I have a practice exercise I'm struggling with. Essentially, it gives you the eigenvalues and eigenvector for a given linear transformation and then asks you to find the result of the transformation on some other vector.
$$ A\begin{bmatrix}-1\\-1\\-2\end{bmatrix} = 1\begin{bmatrix}-1\\-1\\-2\end{bmatrix} $$
$$ A\begin{bmatrix}1\\1\\1\end{bmatrix} = 0\begin{bmatrix}1\\1\\1\end{bmatrix} $$
$$ A\begin{bmatrix}-1\\-4\\-3\end{bmatrix} = 2\begin{bmatrix}-1\\-4\\-3\end{bmatrix} $$
Find $A\begin{bmatrix}3\\-4\\3\end{bmatrix}$.
My first thought is to split this vector into components along the known eigenvector, calculate the result, and then add the vectors back together, but I don't know if this is valid. If it isn't, how would one go about this problem?

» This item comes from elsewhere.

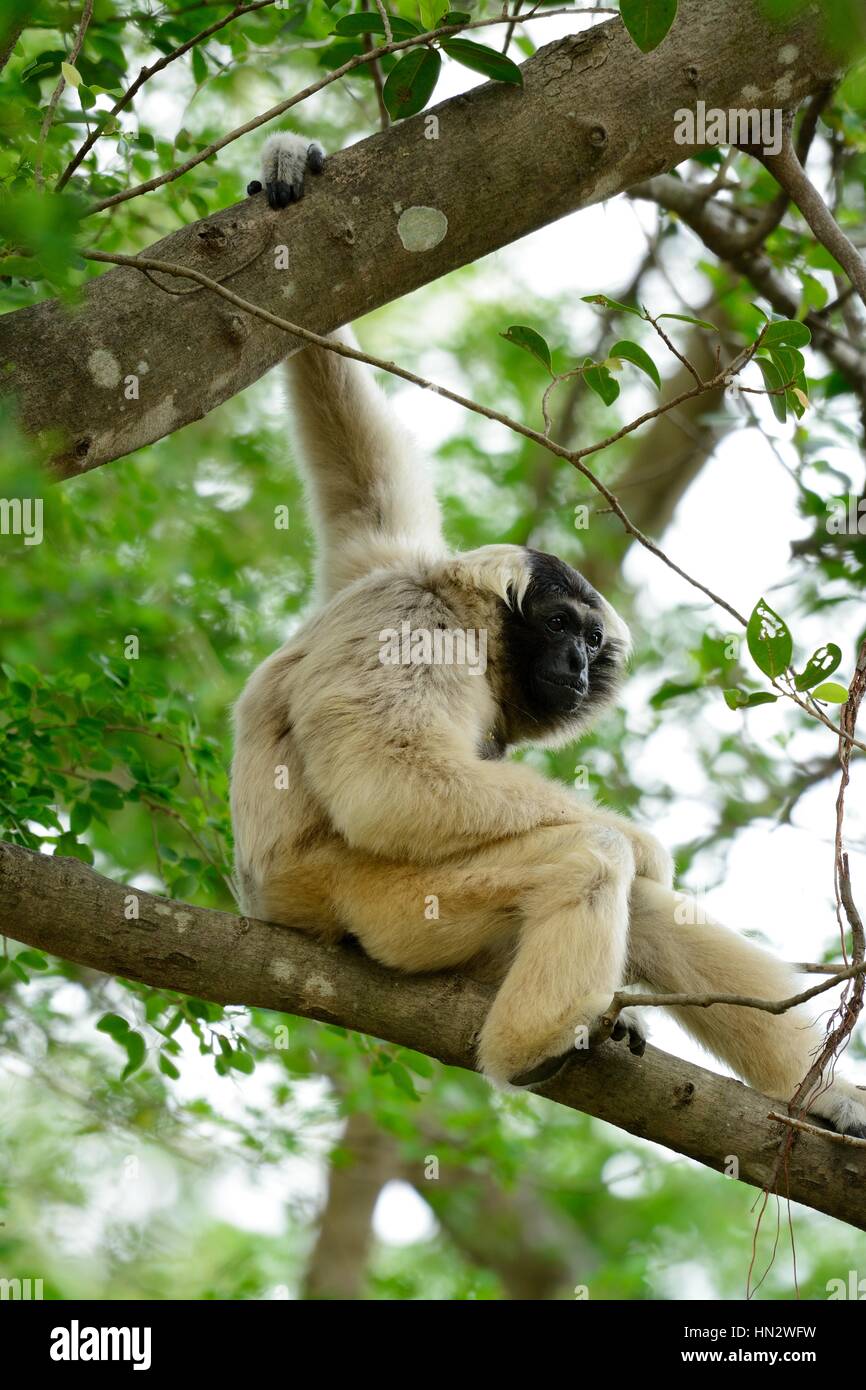 schöne weibliche Pileated Gibbon (Hylobates Pileatus) sitzen am Boden Stockfoto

Thanks for any and all help.
Yes, this is the right approach; the idea is to appeal to linearity. First decompose the given vector into a linear combination of the eigenvectors, then:
$$\begin{align} A\left(c_1\begin{bmatrix}-1\\-1\\-2\end{bmatrix} + c_2\begin{bmatrix}1\\1\\1\end{bmatrix} + c_3\begin{bmatrix}-1\\-4\\-3\end{bmatrix}\right) &= c_1\left(A\begin{bmatrix}-1\\-1\\-2\end{bmatrix}\right) + c_2\left(A\begin{bmatrix}1\\1\\1\end{bmatrix}\right) + c_3\left(A\begin{bmatrix}-1\\-4\\-3\end{bmatrix}\right)\\ &=c_1\left(1\begin{bmatrix}-1\\-1\\-2\end{bmatrix}\right) + c_2\left(0\begin{bmatrix}1\\1\\1\end{bmatrix}\right) + c_3\left(2\begin{bmatrix}-1\\-4\\-3\end{bmatrix}\right)\\ &=c_1\begin{bmatrix}-1\\-1\\-2\end{bmatrix} + 2c_3\begin{bmatrix}-1\\-4\\-3\end{bmatrix} \end{align} $$